Had a problem with my main Solaris server in Taipei today which runs Solaris 10 6/06. It hung and when I rebooted it came up with this error:
WARNING – The following files in / differ from the boot archive:
cannot find: /etc/devices/mdi_ib_cache: No such file or directory
/kernel/drv/md.conf
The recommended action is to reboot and select “Solaris failsafe”
option from the boot menu. Then follow prompts to update the
boot archive.
I rebooted into failsafe mode and blindly followed the directions given:
/dev/dsk/c0d0s0 is under md control, skipping.
To manually recover the boot archive on a root mirror,mount the first
side (the one that the system boots from) and run:
bootadm update-archive -R <mount_point>
In summary, I did the following:
# mount /dev/dsk/c0d0s0 /mnt
# bootadm update-archive -R /mnt
Creating ram disk on /mnt
updating /mnt/platform/i86pc/boot_archive…this may take a minute
# reboot
WRONG! WRONG! WRONG!
This ended up updating the boot archive on only one side of the mirror. The other side of the mirror was not modified. Hence, the mirrors became out of sync. However, the configuration is still set to boot from a mirrored device. This quickly gets you to this point on reboot:
NOTICE: /: unexpected free inode 9864, run fsck(1M)
The / file system (/dev/md/rdsk/d1) is being checked.
WARNING – Unable to repair the / filesystem. Run fsck
manually (fsck -F ufs /dev/md/rdsk/d1).
Yes, you really only need to update the boot archive on the first device in the mirror as that’s the one the system boots from. However, once it’s bootstrapped the kernel, it’s going to mount the full mirror, and the full mirror now has different contents on each side. Depending on what’s read from which side of the mirror, you’re likely to end up with some inconsistency detected.

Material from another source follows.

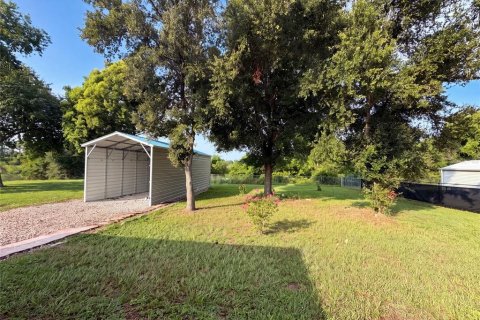 Villa ou maison à vendre à Howey-in-the-Hills, Floride: 3 chambres, 155.98 m2 № 2227768 - photo 3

The correct way to do things would be:
# mount /dev/dsk/c0d0s0 /mnt
# vi /mnt/etc/vfstab
(Change root mount device to the unmirrored device /dev/dsk/c0d0s0.)
# bootadm update-archive -R /mnt
Creating ram disk on /mnt
updating /mnt/platform/i86pc/boot_archive…this may take a minute
# reboot
You would then need to rebuild the mirrored root after you get the system back up.

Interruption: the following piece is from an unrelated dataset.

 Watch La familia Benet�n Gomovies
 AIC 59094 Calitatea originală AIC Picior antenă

However, that is not the end of the story. It turns out that all this boot archive rebuilding won’t fix this particular problem. This error message is normally generated when the files in the bootstrap image don’t match those in the actual filesystem. This is your heads up that the state during bootstrap doesn’t match what’s on the actual root filesystem. Going through the exercise of rebuilding the boot archive is supposed to get things back to a point where the bootstrap image and the filesystem match.

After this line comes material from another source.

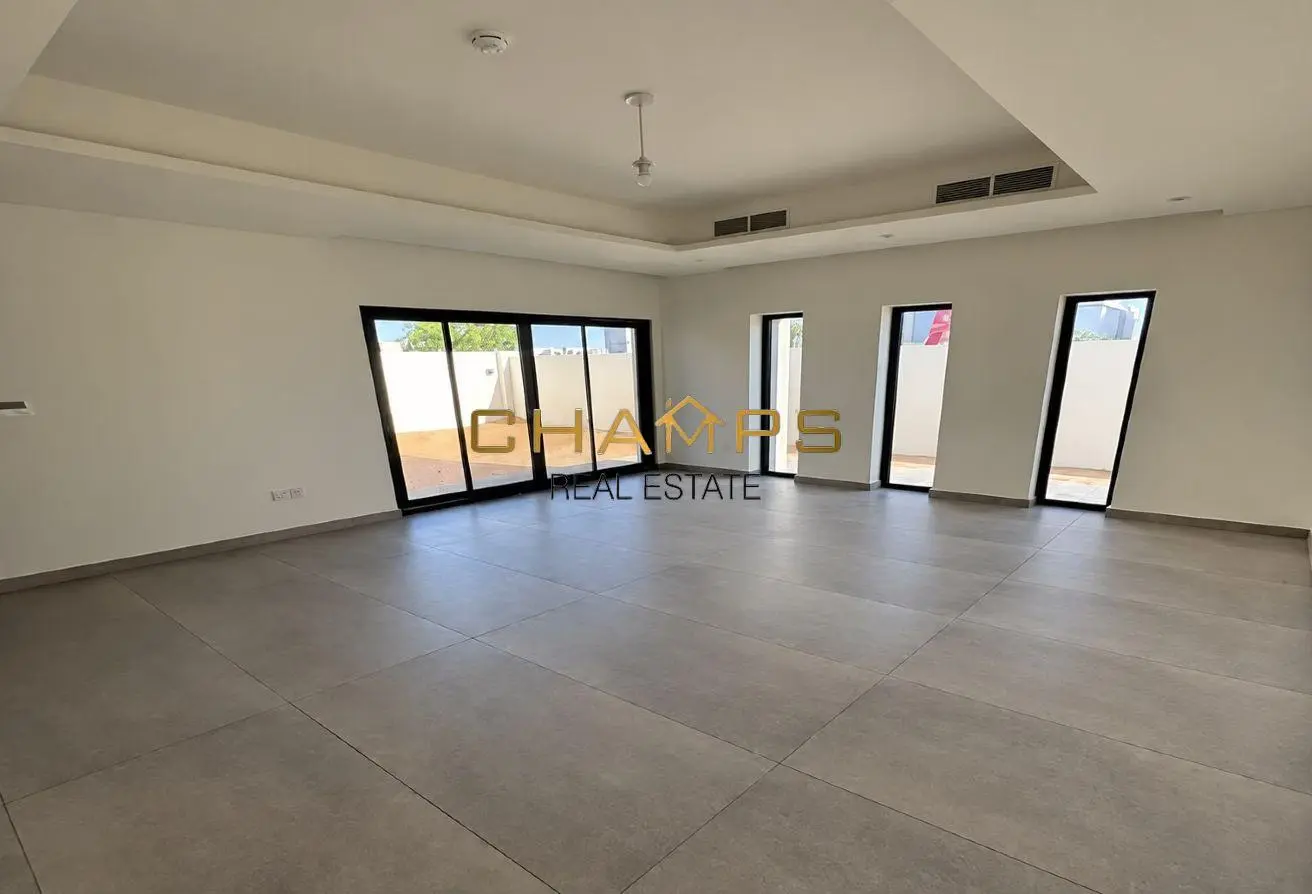 149536531 - Property Main Image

However, in this case the file /etc/devices/mdi_ib_cache is missing on the actual root filesystem. So the error message is actually wrong. If you rebuild the boot archive it’ll fail to add the file, because it doesn’t exist. And the next time you boot it’ll give you the same error again. The error is that a file is missing on the actual root filesystem, not that the boot archive doesn’t match the root filesystem.
And it turns out this file is completely unimportant. If it’s screwed up or missing, the system will replace it automatically and merrily go on its way. In other words, it’s absolutely no big deal if it’s missing on reboot.
The original error message I saw also had this advice:
To continue booting at your own risk, clear the service:
# svcadm clear system/boot-archive
This ‘at your own risk’ option actually turns out in this case to be the correct remedy for this problem.
So to summarize:
- The original error message misstates the problem as files being different instead of one being missing
- The recommended fix does not solve the problem
- The instructions for the recommended fix gives specific advice for mirrored filesystems that will damage your filesystem and waste lots of time undoing the damage
- The missing file is actually completely unimportant
- The ‘at your own risk’ option is the correct way to solve the problem
It looks like everything but point 3 is covered by BugID 6256649, however the public description is not useful. I didn’t find a bug report covering the problem with the instructions for rebuilding the boot archive on mirrored filesystems being wrong.
I also don’t know why the thing hung in the first place. Nothing in /var/adm/messages.